# Amazing Psychedelic Screen Door Filter



## otherprof (Jul 1, 2019)

Looking out toward my garage, yesterday. Taken with iPhone, upon awaking from a nap at a time of beautiful light - 7pm on Long Island, NY.  When I looked at the shots on the computer, I said "Groovy!"


----------



## zulu42 (Jul 1, 2019)

Far out, man!


----------



## vintagesnaps (Jul 1, 2019)

Put it on a T shirt!


----------



## Derrel (Jul 1, 2019)

Moire,   For the win.


----------



## 480sparky (Jul 1, 2019)

Wow, man.  It's just like the 60's!


----------



## stapo49 (Jul 1, 2019)

Break on through to the other side!

Sent from my SM-G965F using Tapatalk


----------



## Jeff15 (Jul 1, 2019)

I will have some of what you are one................


----------



## Derrel (Jul 1, 2019)

"Bob's not here,man!"


----------



## Derrel (Jul 1, 2019)

Window screen makes a beautiful diffusion filter, and if it's really dark black it can work as a cross-star filter
On points of light.

 Back in the 1980s I used to shoot a lot of photos through black fiberglass screen windows.
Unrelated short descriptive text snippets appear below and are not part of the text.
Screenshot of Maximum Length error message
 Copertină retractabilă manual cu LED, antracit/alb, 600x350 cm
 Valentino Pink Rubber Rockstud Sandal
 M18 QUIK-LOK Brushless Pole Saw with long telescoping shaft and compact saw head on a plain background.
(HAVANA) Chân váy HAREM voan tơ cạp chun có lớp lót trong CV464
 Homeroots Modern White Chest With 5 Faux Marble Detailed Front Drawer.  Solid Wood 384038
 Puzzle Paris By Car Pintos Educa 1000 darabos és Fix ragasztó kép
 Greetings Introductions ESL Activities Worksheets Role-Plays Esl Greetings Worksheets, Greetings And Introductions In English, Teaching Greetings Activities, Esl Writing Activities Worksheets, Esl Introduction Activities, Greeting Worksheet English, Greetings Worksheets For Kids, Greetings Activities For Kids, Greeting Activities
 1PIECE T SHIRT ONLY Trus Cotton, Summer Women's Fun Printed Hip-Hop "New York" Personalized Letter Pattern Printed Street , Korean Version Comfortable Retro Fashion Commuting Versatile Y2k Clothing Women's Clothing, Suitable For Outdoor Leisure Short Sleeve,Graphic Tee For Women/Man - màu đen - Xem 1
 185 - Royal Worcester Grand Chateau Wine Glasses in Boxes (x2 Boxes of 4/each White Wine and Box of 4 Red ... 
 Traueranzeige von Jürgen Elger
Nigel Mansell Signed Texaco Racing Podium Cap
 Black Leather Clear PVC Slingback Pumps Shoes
If there is a lot of sun on the subject, the effect is often a very beautiful diffusion effect, similar to what is seen here on the cactus.


----------



## K9Kirk (Jul 3, 2019)

I can dig it, man!


----------



## zulu42 (Jul 3, 2019)

Even the thread title sounds like a band name from '69

"Live at the Filmore..."
"The act you've all been waiting for..."
Amazing Psychedelic Screen Door Filter!!


----------



## K9Kirk (Jul 3, 2019)

zulu42 said:


> Even the thread title sounds like a band name from '69
> 
> "Live at the Filmore..."
> "The act you've all been waiting for..."
> Amazing Psychedelic Screen Door Filter!!





 

H.R. Puff N Stuff agrees!


----------



## zulu42 (Jul 3, 2019)

I think the thread title would look good printed above the photo on the T-shirt!


----------



## 480sparky (Jul 3, 2019)




----------